All fields default to their most permissive value (false for booleans, [] for arrays, 4000 for min_context_tokens) when omitted. Only declare requirements that are genuinely hard constraints — overly strict requirements reduce the platforms where the skill can run.
requires_tools accepts an array of named tool strings matching the tool identifiers used in agent and platform configurations. For example:
requires_tools: ["bash", "read", "write"] Example: The Code Review Skill
The code-review skill (core/skills/code-review/skill.yaml) reviews code artifacts against quality standards and security best practices. Here is the complete definition and what each part does.
schema: aos/skill/v1
id: code-review
name: Code Review
description: "Reviews code artifacts against quality standards and security best practices"
version: 1.0.0
Standard header. The id must match the directory name (core/skills/code-review/). The version starts at 1.0.0 and increments as the skill's interface changes.
input:
required:
- id: code_artifact
type: artifact
description: "The code or implementation artifact to review"
optional:
- id: standards
type: text
description: "Project-specific coding standards or review criteria"
- id: architecture
type: artifact
description: "Architecture artifact for context on design intent" One required input: the code artifact to be reviewed. Two optional inputs improve review quality when available: project-specific standards narrow the review criteria, and an architecture artifact gives the reviewer context on what the code is supposed to do. The skill runs without the optional inputs, but a reviewer with architecture context will catch more design-level issues.
output:
artifacts:
- id: review_report
format: markdown
description: "Structured review report with issues and recommendations"
structured_result: true
The skill produces a review_report in Markdown format — a human-readable document listing issues, severity, and recommendations. structured_result: true means the skill also returns a machine-readable summary, which allows the orchestrator or a downstream agent to act on the review outcome programmatically (e.g., determine whether issues are blocking or advisory).

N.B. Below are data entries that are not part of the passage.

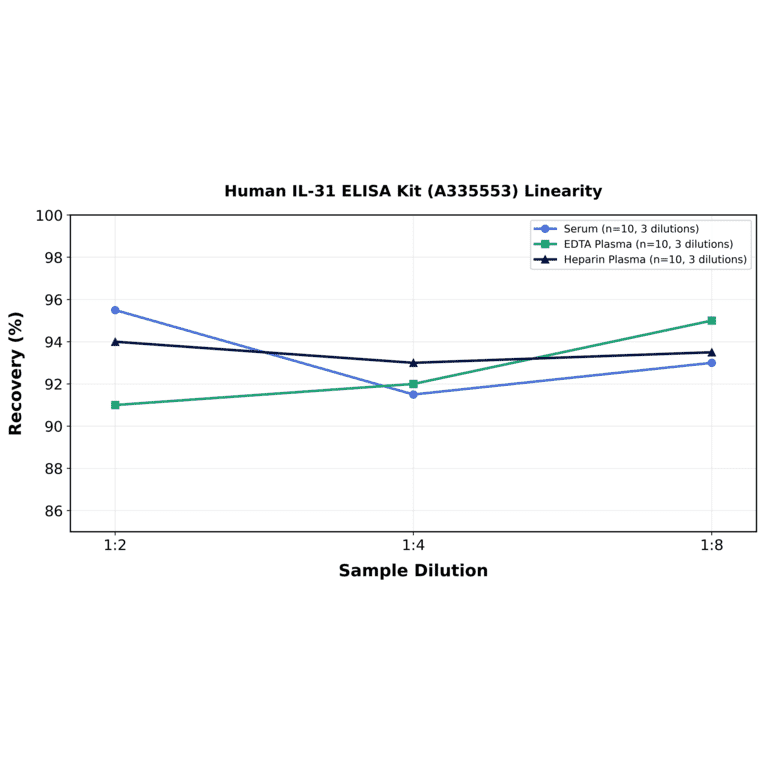 Linearity - Human IL-31 ELISA Kit (A335553) - Antibodies.com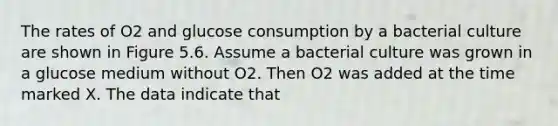 The rates of O2 and glucose consumption by a bacterial culture are shown in Figure 5.6. Assume a bacterial culture was grown in a glucose medium without O2. Then O2 was added at the time marked X. The data indicate that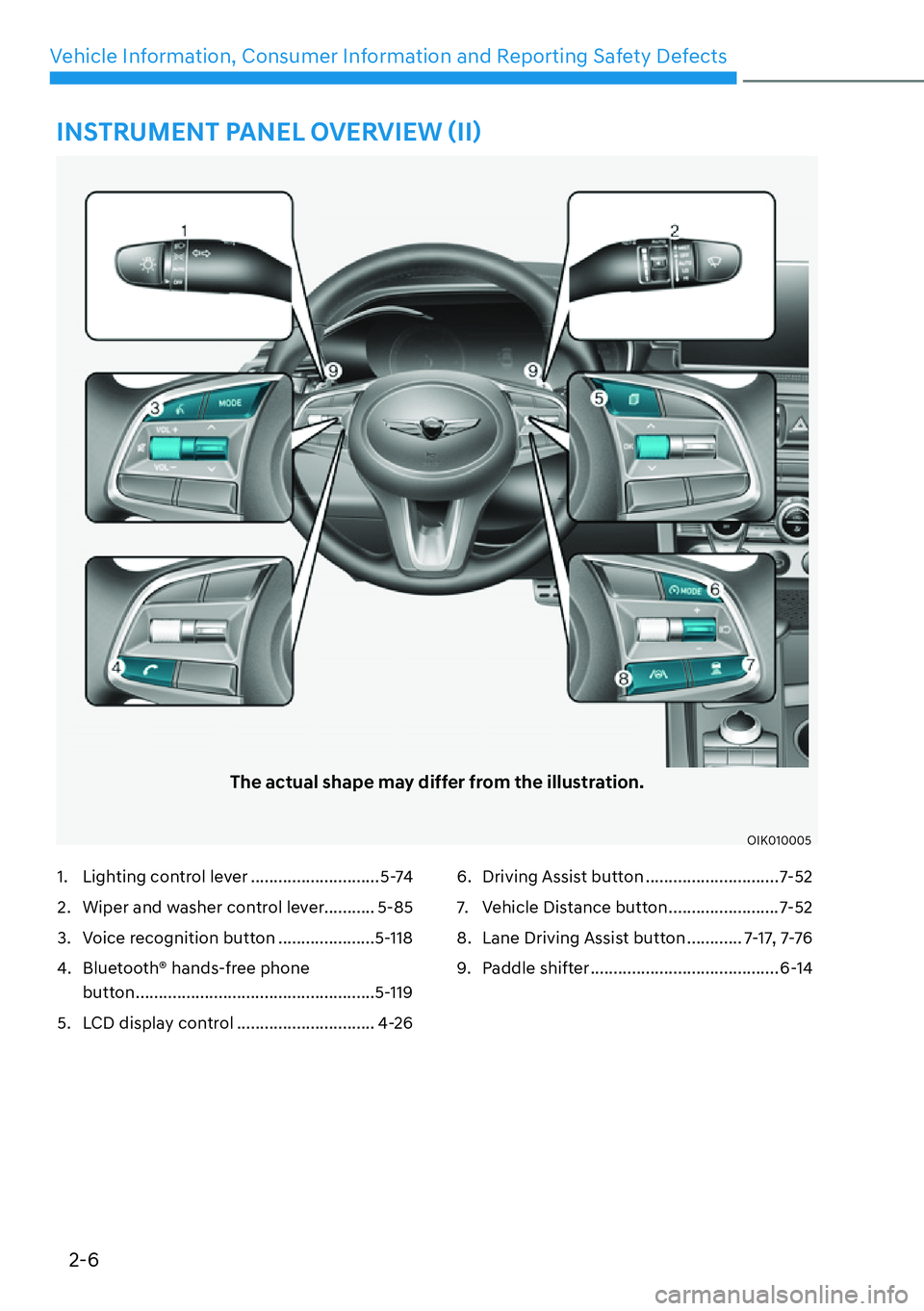 HYUNDAI GENESIS G70 2022  Owners Manual 2-6
Vehicle Information, Consumer Information and Reporting Safety Defects
�,�1�6�7�5�8�0�(�1�7��3�$�1�(�/��2�9�(�5�9�,�(�:�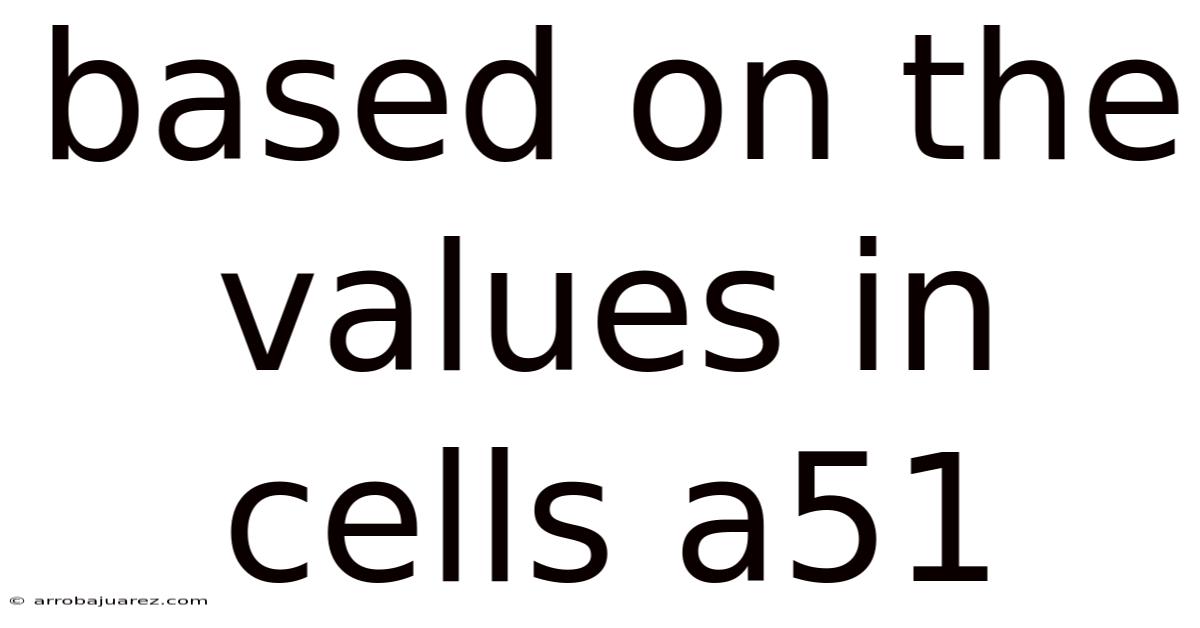 Based On The Values In Cells A51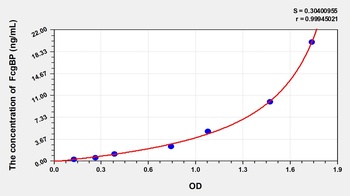 Human Fc Fragment of IgG Binding Protein (FcgBP) ELISA Kit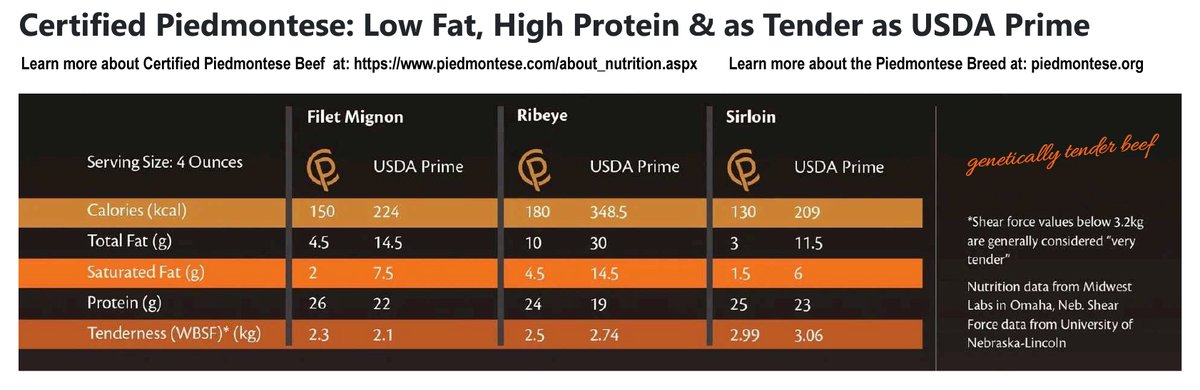 Fewer calories, less fat, higher protein  - DIGESTIBLE and nutritious - Piedmontese Beef is also genetically TENDER.
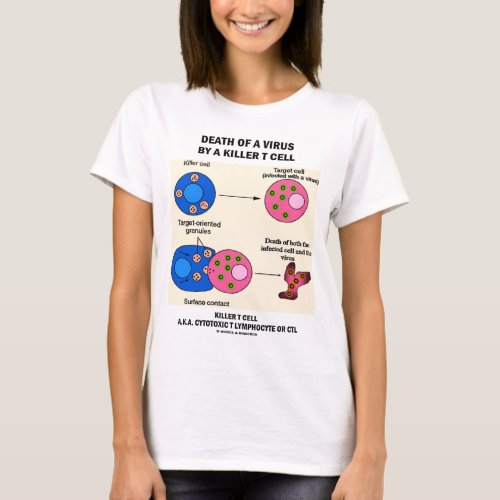 Death Of A Virus By A Killer T Cell Immunology T_Shirt
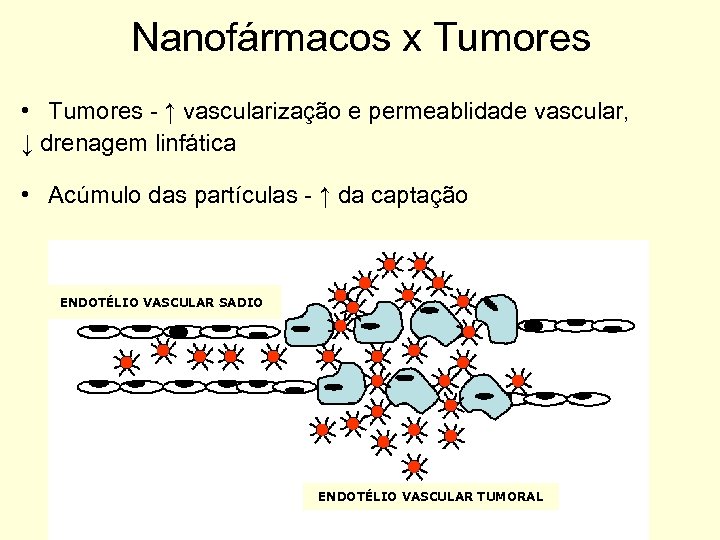 Nanofármacos x Tumores • Tumores - ↑ vascularização e permeablidade vascular, ↓ drenagem linfática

compatible_agents: [sentinel, architect, operator] Only the Sentinel, Architect, and Operator can invoke this skill. These are the agents with the analytical profile to interpret a code review and act on it — the Sentinel for security and reliability, the Architect for design alignment, and the Operator for buildability. Keeping the skill scoped to these three avoids noise from agents (like the Advocate or Provocateur) who lack the technical context to use the output effectively.
platform_bindings:
claude-code: "superpowers:requesting-code-review"
On the claude-code platform, this skill maps to the superpowers:requesting-code-review skill invocation. The harness adapter reads this and triggers that skill when code-review is invoked. No other platforms are bound yet — adding support for a new platform means adding one line here without changing anything else.
platform_requirements:
requires_code_execution: false
requires_file_access: true
requires_network: false
The code review skill needs filesystem access (requires_file_access: true) to read the code artifact from disk. It does not need a code execution sandbox or network access — reviewing code is a reading and analysis task, not a running task. Declaring these requirements precisely ensures the harness does not invoke this skill on a platform that cannot provide file access.